TASK TO CARRY OUT:
Set down the data again word for word. Skip any pictures.

DATA RECORDS:
■ ■ ■ ■ ■

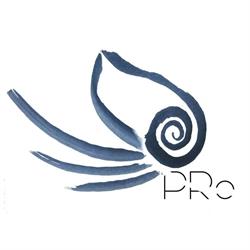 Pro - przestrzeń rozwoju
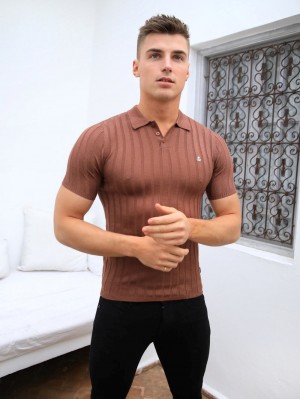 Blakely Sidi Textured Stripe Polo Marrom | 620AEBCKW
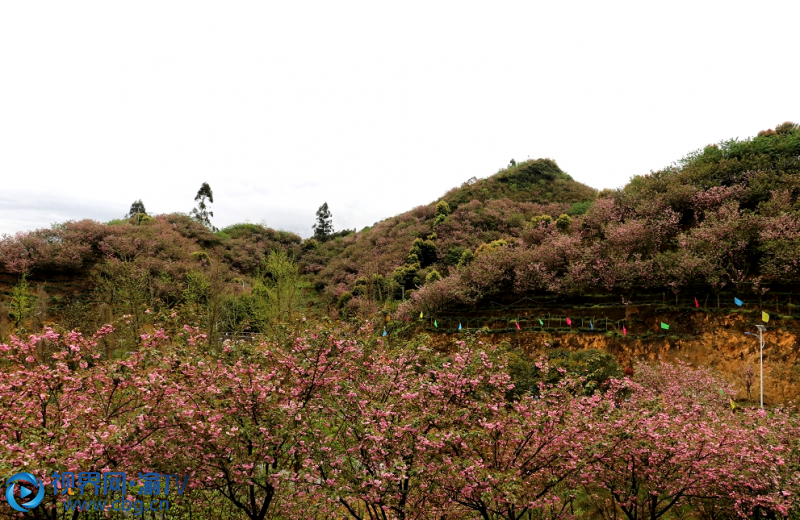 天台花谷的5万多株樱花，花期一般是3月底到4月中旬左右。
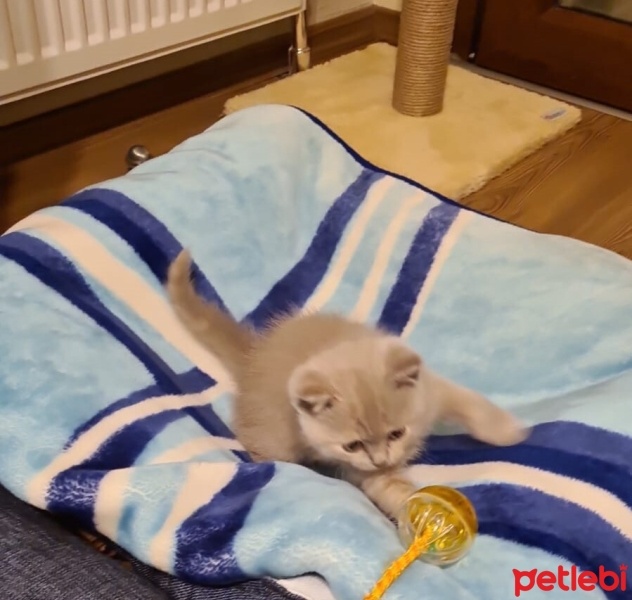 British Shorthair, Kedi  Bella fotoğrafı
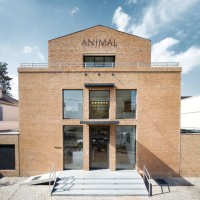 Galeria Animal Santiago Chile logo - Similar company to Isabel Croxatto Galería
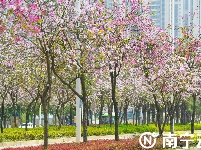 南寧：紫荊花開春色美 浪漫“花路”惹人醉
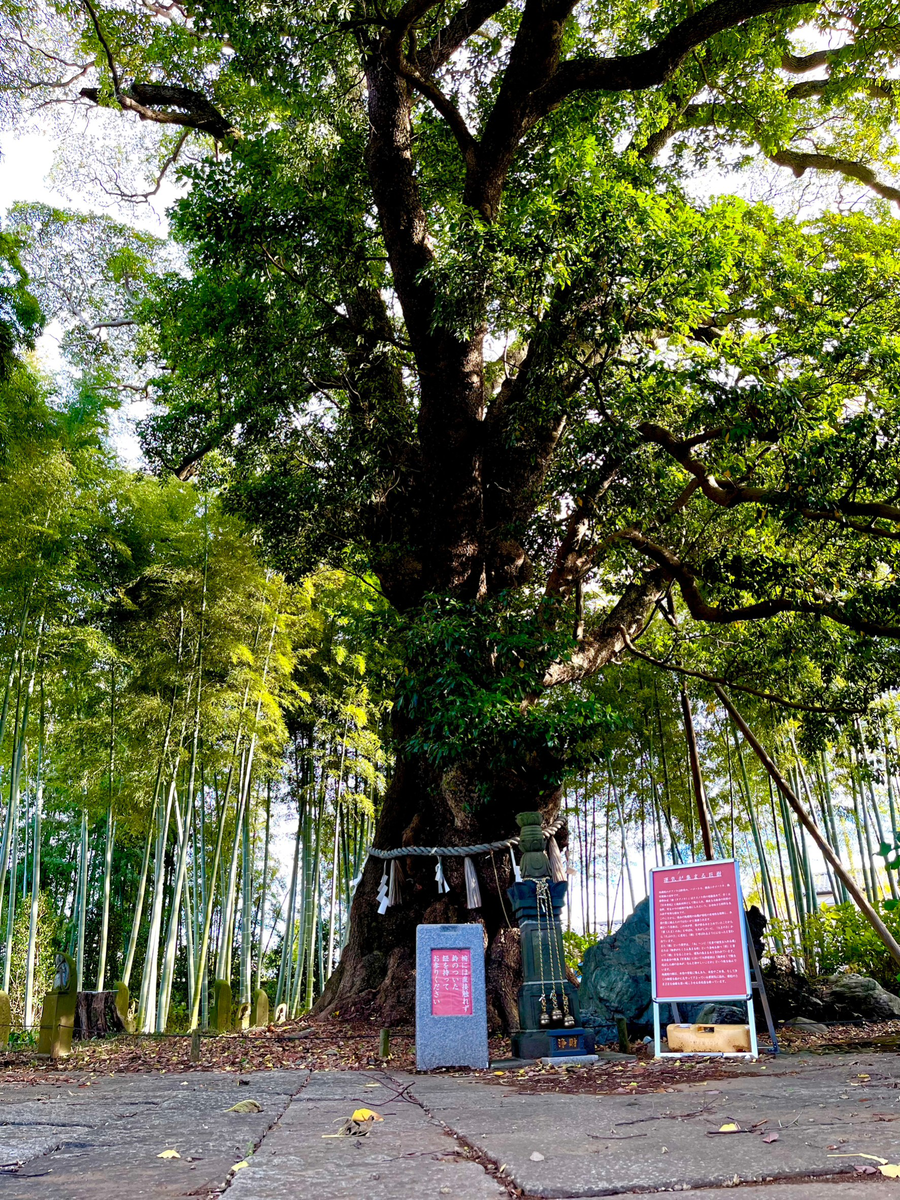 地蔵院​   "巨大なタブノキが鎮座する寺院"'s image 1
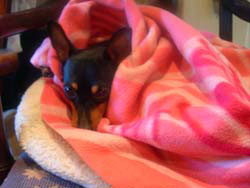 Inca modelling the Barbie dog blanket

■ ■ ■ ■ ■

RESULT:
 Pro - przestrzeń rozwoju
 Blakely Sidi Textured Stripe Polo Marrom | 620AEBCKW
 天台花谷的5万多株樱花，花期一般是3月底到4月中旬左右。
 British Shorthair, Kedi  Bella fotoğrafı
 Galeria Animal Santiago Chile logo - Similar company to Isabel Croxatto Galería
 南寧：紫荊花開春色美 浪漫“花路”惹人醉
 地蔵院​   "巨大なタブノキが鎮座する寺院"'s image 1
 Inca modelling the Barbie dog blanket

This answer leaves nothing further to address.